Fruit Toast with Homemade Cultured Butter
A few weeks ago I picked up the latest book from the Gourmet Farmer (Matthew Evans & friends) and instantly fell in love with it’s recipes. I must admit I haven’t seen many episodes of the TV show (my brother LOVES it) but I’ve always enjoyed those that I saw. What’s not to love? It shows Tassie from an amazing perspective, inspiring foodies to make the most of their surroundings.
Anyway, the new book is all about getting back to absolute basics and enjoying simple food in its most purest form. The book first starts with milk (how to make butter, yoghurt, cheeses), then meat (making prosciutto, sausage, salami) , fish (smoking, curing), vegetables (preserving) and condiments. I can’t wait to work my way through it – plus it’s going to be very helpful for the next Pickle Club meet!
Spring is in bloom! Just picked from the side of the road.
I’m quite ashamed to say that until not that long ago I didn’t even realise that butter was simply made from whipped cream.

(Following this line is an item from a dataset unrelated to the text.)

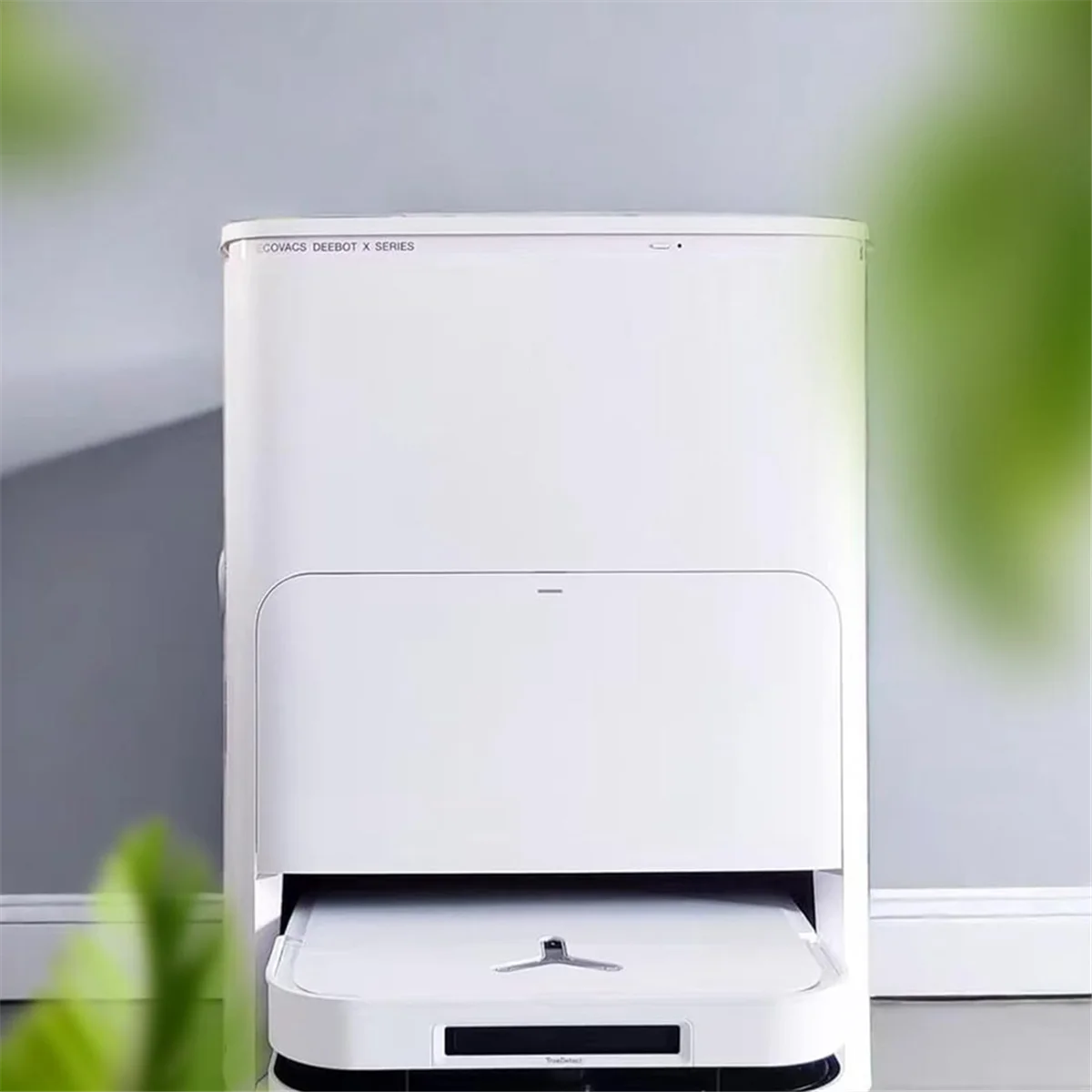 HEIßER Für Ecovacs Deebot X5 Omni / X5 Pro Roboter Staubsauger Wichtigsten Seite Pinsel Hepa-Filter Mopp Tuch Staub taschen Zubehör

I just never thought about it before, so of course when I saw a recipe for cultured butter I was intrigued. Cultured butter has natural ‘live’ cultures (from yoghurt) and left to sit up to 24 hours for flavour to develop. It’s then processed exactly the same way as any other normal butter. I’d have to warn that this is quite a messy process trying to squeeze out all the buttermilk but I can’t begin to tell you how satisfying it is! I’m not sure if the ‘live’ cultures actually worked and made my butter more flavoursome but it was a great process anyway.
So… what goes well with pure delicious butter? Fruit toast with lashings of the stuff of course :) This recipe is based on an Irish style soda bread with sultanas, currants and spices. There’s no yeast so it doesn’t take as long to make (compared to your average loaf of bread). I made this on Sunday morning for breakfast and from beginning to end only took about an hour. Perfect for this Saturday’s brekky… yes!

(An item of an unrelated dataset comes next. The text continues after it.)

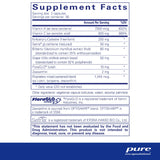 Ingredients: Vitamin A, C, N-Acetyl-L-Cysteine, Setria, Bilberry, Grape, FloraGlo, Zeaxanthin, Proprietary mixed carotenoid blend (as lutein, lycopene, zeaxanthin).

Have a good week Lovelies :)
Homemade Cultured Butter
Recipe by Matthew Evans
1200ml full (pouring or whipping) cream
2.5 tbsp natural live yoghurt (Greek yoghurt)
1 tbsp salt
1. Pour the cream and yogurt into a sterilised jar and mix well. Leave it to sit at room temperature (around 20ºC) for 12-24 hours. The longer you leave it the stronger flavour. After 24 hours, refrigerate until cool.
2. Pour the cream into a food processor (with a whipping/mixing attachment) and whip it good :) The cream will become whipped and thick and will then separate from itself and turn into butter and buttermilk! Amazing! Drain off the buttermilk and reserve (for the fruit toast recipe and/or to make your next batch butter). In a large clean jar (I used the same jar as before) place 1 litre of chilled water and add the butter ‘grains’. Shake the jar for a few minutes to help wash out the remaining buttermilk.

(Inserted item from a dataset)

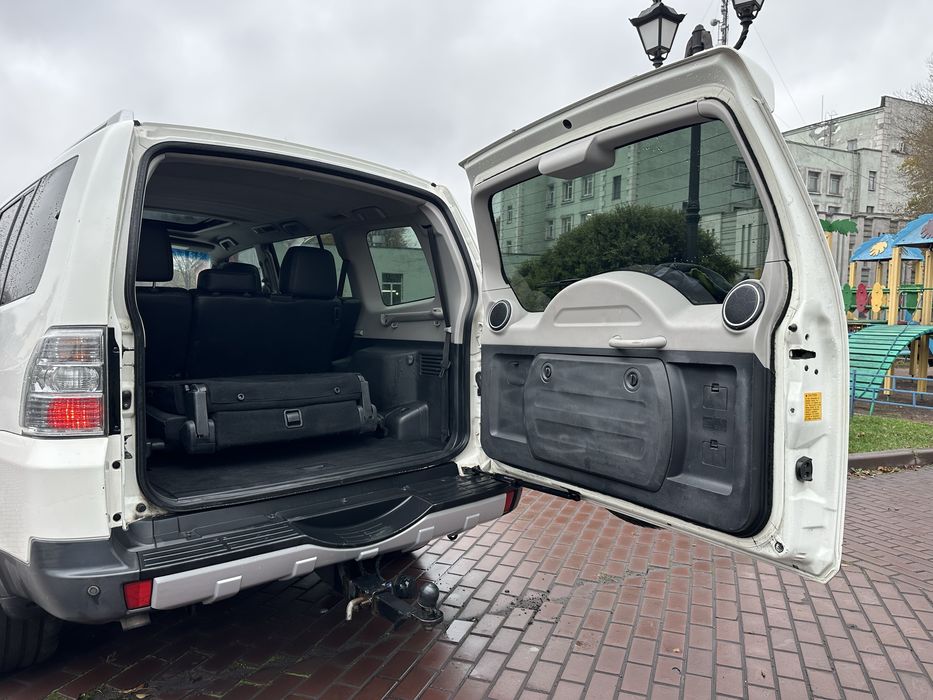 Продам Mitsubishi Pajero Wagon 2009 TDI 3.2 Дизель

3. To salt the butter, either add 1 tbsp sea salt to the chilled water before shaking or add in the next step whilst shaping the butter for a slightly crunchier texture.
4. Once you’ve shaken as much buttermilk out as you can, discard the water and place the butter on a clean chopping board. Use clean wet hands to knead the butter for about 5 minutes. This will remove even more buttermilk and will bring the butter grains completely together. (Add salt here if you didn’t add it to the jar previously). If you have butter pats use them to work the butter together. Divide the butter in half if you find it easier to work in smaller quantities. Shape and place in an airtight container and store in the fridge for up to two weeks (I placed half on mine in the freezer to use for a later date).
200g plain white flour
200g whole wheat flour
1 tsp salt
1 level teaspoon bicarbonate of soda
5 rounded teaspoons sugar
375 ml buttermilk
100g sultanas or raisins
1 tsp cinnamon
1 tsp mixed spice
Butter for greasing the tin
1. Preheat oven to 200ºC. Add all dry ingredients into a mixing bowl.
2. Add butter milk and mix to a soft consistency. Place the mixture into a greased tin and flatten the top and brush with a little milk.
3. Bake for 40-45 minute. If the top is getting too brown, cover with aluminum foil for the last 20 minute.
4. Remove from the oven, wrap in a clean tea towel and let cool before slicing and scoffing with the delicious cultured butter!